▸ Recorded information:
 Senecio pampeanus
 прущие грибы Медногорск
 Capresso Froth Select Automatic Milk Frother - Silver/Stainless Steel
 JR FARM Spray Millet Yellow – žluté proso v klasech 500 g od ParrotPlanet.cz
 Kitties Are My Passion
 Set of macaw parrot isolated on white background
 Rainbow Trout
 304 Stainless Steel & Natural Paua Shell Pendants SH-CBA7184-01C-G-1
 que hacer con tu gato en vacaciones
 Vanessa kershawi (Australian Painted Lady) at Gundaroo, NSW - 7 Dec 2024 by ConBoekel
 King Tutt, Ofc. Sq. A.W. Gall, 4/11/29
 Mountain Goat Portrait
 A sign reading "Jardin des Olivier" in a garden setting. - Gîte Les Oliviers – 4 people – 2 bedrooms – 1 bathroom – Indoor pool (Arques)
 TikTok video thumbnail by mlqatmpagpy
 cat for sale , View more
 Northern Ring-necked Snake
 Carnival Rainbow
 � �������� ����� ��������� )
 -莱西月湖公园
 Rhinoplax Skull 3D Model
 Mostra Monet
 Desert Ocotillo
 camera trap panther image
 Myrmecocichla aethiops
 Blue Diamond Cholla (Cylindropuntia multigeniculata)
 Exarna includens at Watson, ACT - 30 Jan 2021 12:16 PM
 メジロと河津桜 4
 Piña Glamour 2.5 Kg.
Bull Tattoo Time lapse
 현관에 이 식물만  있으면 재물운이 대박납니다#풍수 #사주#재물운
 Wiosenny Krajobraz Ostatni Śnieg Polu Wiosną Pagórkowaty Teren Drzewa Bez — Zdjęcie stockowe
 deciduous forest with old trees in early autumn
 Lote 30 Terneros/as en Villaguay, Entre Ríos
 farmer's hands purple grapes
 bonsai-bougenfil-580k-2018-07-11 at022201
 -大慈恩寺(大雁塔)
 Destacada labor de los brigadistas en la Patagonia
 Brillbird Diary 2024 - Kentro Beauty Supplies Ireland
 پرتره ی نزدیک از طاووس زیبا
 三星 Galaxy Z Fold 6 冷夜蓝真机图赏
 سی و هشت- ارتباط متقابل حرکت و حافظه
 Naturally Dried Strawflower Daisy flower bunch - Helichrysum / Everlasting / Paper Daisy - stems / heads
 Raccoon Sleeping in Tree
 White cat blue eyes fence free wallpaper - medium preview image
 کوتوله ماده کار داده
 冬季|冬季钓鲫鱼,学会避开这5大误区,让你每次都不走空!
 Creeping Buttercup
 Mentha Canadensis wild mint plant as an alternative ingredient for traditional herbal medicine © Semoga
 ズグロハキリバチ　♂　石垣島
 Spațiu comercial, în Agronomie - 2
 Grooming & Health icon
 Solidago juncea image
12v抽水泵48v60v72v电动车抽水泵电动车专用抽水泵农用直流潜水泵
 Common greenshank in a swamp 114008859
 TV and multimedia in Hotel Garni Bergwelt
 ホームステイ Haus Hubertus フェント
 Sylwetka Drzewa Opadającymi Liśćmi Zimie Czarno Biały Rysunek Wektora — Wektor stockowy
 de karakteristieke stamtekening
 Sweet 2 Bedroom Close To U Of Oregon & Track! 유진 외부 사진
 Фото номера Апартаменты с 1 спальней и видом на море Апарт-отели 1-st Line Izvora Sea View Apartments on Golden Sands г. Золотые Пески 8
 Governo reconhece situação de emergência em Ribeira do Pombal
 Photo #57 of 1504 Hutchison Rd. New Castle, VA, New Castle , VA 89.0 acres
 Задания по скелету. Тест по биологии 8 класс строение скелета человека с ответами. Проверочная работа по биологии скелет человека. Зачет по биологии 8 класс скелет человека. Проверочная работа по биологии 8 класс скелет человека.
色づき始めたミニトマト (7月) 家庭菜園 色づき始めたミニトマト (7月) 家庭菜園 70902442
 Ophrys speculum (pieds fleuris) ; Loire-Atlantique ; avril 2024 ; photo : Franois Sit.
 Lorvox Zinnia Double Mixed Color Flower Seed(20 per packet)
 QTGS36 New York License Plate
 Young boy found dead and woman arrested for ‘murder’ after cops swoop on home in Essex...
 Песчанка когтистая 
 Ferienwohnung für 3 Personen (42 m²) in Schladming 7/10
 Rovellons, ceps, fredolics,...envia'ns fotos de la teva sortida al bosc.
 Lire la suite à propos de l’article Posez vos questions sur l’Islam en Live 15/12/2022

▸ Exercise prompt:
Repeat the whole listing word for word.

▸ Output of the exercise:
 Senecio pampeanus
 прущие грибы Медногорск
 Capresso Froth Select Automatic Milk Frother - Silver/Stainless Steel
 JR FARM Spray Millet Yellow – žluté proso v klasech 500 g od ParrotPlanet.cz
 Kitties Are My Passion
 Set of macaw parrot isolated on white background
 Rainbow Trout
 304 Stainless Steel & Natural Paua Shell Pendants SH-CBA7184-01C-G-1
 que hacer con tu gato en vacaciones
 Vanessa kershawi (Australian Painted Lady) at Gundaroo, NSW - 7 Dec 2024 by ConBoekel
 King Tutt, Ofc. Sq. A.W. Gall, 4/11/29
 Mountain Goat Portrait
 A sign reading "Jardin des Olivier" in a garden setting. - Gîte Les Oliviers – 4 people – 2 bedrooms – 1 bathroom – Indoor pool (Arques)
 TikTok video thumbnail by mlqatmpagpy
 cat for sale , View more
 Northern Ring-necked Snake
 Carnival Rainbow
 � �������� ����� ��������� )
 -莱西月湖公园
 Rhinoplax Skull 3D Model
 Mostra Monet
 Desert Ocotillo
 camera trap panther image
 Myrmecocichla aethiops
 Blue Diamond Cholla (Cylindropuntia multigeniculata)
 Exarna includens at Watson, ACT - 30 Jan 2021 12:16 PM
 メジロと河津桜 4
 Piña Glamour 2.5 Kg.
Bull Tattoo Time lapse
 현관에 이 식물만  있으면 재물운이 대박납니다#풍수 #사주#재물운
 Wiosenny Krajobraz Ostatni Śnieg Polu Wiosną Pagórkowaty Teren Drzewa Bez — Zdjęcie stockowe
 deciduous forest with old trees in early autumn
 Lote 30 Terneros/as en Villaguay, Entre Ríos
 farmer's hands purple grapes
 bonsai-bougenfil-580k-2018-07-11 at022201
 -大慈恩寺(大雁塔)
 Destacada labor de los brigadistas en la Patagonia
 Brillbird Diary 2024 - Kentro Beauty Supplies Ireland
 پرتره ی نزدیک از طاووس زیبا
 三星 Galaxy Z Fold 6 冷夜蓝真机图赏
 سی و هشت- ارتباط متقابل حرکت و حافظه
 Naturally Dried Strawflower Daisy flower bunch - Helichrysum / Everlasting / Paper Daisy - stems / heads
 Raccoon Sleeping in Tree
 White cat blue eyes fence free wallpaper - medium preview image
 کوتوله ماده کار داده
 冬季|冬季钓鲫鱼,学会避开这5大误区,让你每次都不走空!
 Creeping Buttercup
 Mentha Canadensis wild mint plant as an alternative ingredient for traditional herbal medicine © Semoga
 ズグロハキリバチ　♂　石垣島
 Spațiu comercial, în Agronomie - 2
 Grooming & Health icon
 Solidago juncea image
12v抽水泵48v60v72v电动车抽水泵电动车专用抽水泵农用直流潜水泵
 Common greenshank in a swamp 114008859
 TV and multimedia in Hotel Garni Bergwelt
 ホームステイ Haus Hubertus フェント
 Sylwetka Drzewa Opadającymi Liśćmi Zimie Czarno Biały Rysunek Wektora — Wektor stockowy
 de karakteristieke stamtekening
 Sweet 2 Bedroom Close To U Of Oregon & Track! 유진 외부 사진
 Фото номера Апартаменты с 1 спальней и видом на море Апарт-отели 1-st Line Izvora Sea View Apartments on Golden Sands г. Золотые Пески 8
 Governo reconhece situação de emergência em Ribeira do Pombal
 Photo #57 of 1504 Hutchison Rd. New Castle, VA, New Castle , VA 89.0 acres
 Задания по скелету. Тест по биологии 8 класс строение скелета человека с ответами. Проверочная работа по биологии скелет человека. Зачет по биологии 8 класс скелет человека. Проверочная работа по биологии 8 класс скелет человека.
色づき始めたミニトマト (7月) 家庭菜園 色づき始めたミニトマト (7月) 家庭菜園 70902442
 Ophrys speculum (pieds fleuris) ; Loire-Atlantique ; avril 2024 ; photo : Franois Sit.
 Lorvox Zinnia Double Mixed Color Flower Seed(20 per packet)
 QTGS36 New York License Plate
 Young boy found dead and woman arrested for ‘murder’ after cops swoop on home in Essex...
 Песчанка когтистая 
 Ferienwohnung für 3 Personen (42 m²) in Schladming 7/10
 Rovellons, ceps, fredolics,...envia'ns fotos de la teva sortida al bosc.
 Lire la suite à propos de l’article Posez vos questions sur l’Islam en Live 15/12/2022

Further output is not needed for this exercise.